Da unsere Zimmer bei Ankunft noch nicht bezugsfertig waren, konnten die Kinder das Areal auch umgehend erkunden. Nachdem uns das äußerst freundliche Personal begrüßt hatte und wir das Gepäck in unserem eigens reservierten Aufenthaltsraum verfrachtet hatten, ging es los auf den Spielplatz. Aber nicht, bevor das Wichtigste überhaupt festgelegt wurde! Die Zimmerbelegung. Nicht alle waren auf Anhieb glücklich damit, aber im Laufe der Klassenfahrt sollte sich herausstellen, dass im Vorfeld genau die richtigen Entscheidungen getroffen worden waren.

Danach ging es also hinaus auf den Spielplatz, auf dem das Hauptaugenmerk auf den wichtigsten Teil der Reise überhaupt gelenkt werden sollte: Spaß! Die Kinder sollten Spaß haben. Weit weg von Corona -und Mathetests, von Lernzielkontrollen und häuslicher Quarantäne sollten die Kinder mal wieder das tun, was sie am allerbesten können: Kind sein! Und so wurde bis zum Mittagessen ausgiebig Fußball und Basketball gespielt, Bäume wurden erklommen und es wurde endlich mal wieder unbeschwert gerutscht und gequatscht und geschaukelt.

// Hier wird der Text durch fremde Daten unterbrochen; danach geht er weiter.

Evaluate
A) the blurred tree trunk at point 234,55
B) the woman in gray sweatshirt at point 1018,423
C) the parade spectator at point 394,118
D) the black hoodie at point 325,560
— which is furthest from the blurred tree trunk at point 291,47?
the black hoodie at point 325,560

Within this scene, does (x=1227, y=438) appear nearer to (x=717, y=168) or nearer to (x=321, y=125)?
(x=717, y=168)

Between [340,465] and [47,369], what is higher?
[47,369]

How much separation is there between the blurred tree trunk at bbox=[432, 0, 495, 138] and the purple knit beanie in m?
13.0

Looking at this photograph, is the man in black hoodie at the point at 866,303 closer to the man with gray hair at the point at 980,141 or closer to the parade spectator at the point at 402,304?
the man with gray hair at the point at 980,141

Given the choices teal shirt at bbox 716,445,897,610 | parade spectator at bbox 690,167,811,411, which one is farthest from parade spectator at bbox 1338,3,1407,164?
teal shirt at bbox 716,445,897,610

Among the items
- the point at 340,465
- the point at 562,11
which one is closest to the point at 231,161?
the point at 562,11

Noch vor dem Mittagessen bezogen wir dann unsere Zimmer. Auch hier sollte sich der erste Eindruck der Jugendherberge bestätigen. Die Zimmer waren hell, sauber, geräumig und durch die separaten Duschen und Toiletten außerordentlich gut ausgestattet. Allein die bei Kindern immer noch allseits beliebten Hochbetten erinnerten mich an den muffigen Uraltcharme der Jugendherbergen, die ich in meiner eigenen Kindheit besuchen durfte.

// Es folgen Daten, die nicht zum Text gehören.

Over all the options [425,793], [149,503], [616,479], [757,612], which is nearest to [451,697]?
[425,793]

Kurz vor 12 Uhr machten wir uns dann gemeinsam auf den Weg in den lichtdurchfluteten Speisesaal. Schon unmittelbar nach der Ankunft in der Jugendherberge war einigen Kindern ein äußerst angenehmer Duft in die Nase geströmt. Sollte es etwa Pizza geben? Nein. Spaghetti Bolognese stand auf der Speisekarte und als Nachtisch Vanillepudding. In Kleingruppen machten wir uns also auf den Weg zum Buffet, das von zwei freundlichen Küchenhilfen bedient wurde und ließen unsere Teller füllen. Auch für genügend Getränke war gesorgt. Da, neben unserer Klasse, auch drei weitere Schulklassen die Jugendherberge zur selben Zeit besuchten, hatte sich das Herbergsteam ein stimmiges Hygienekonzept überlegt. Die Klassen kamen gestaffelt, zu unterschiedlichen Zeiten zu Tisch, sodass es sehr selten der Fall war, dass sich vor dem Buffet lange Schlangen von Schülern unterschiedlicher Schulen bildeten. Auch das Frühstück und das Abendessen ließ in den nächsten drei Tagen kaum Wünsche offen. Morgens gab es frische Brötchen, Vollkornbrot und Obst, Cornflakes mit Milch, Kakao und Tee und auch das Abendessen war ähnlich abwechslungsreich und ausgewogen. Ich kann mich nicht daran erinnern, während der gesamten Klassenfahrt auch nur einmal den Satz: „Ich habe Hunger!“ gehört zu haben.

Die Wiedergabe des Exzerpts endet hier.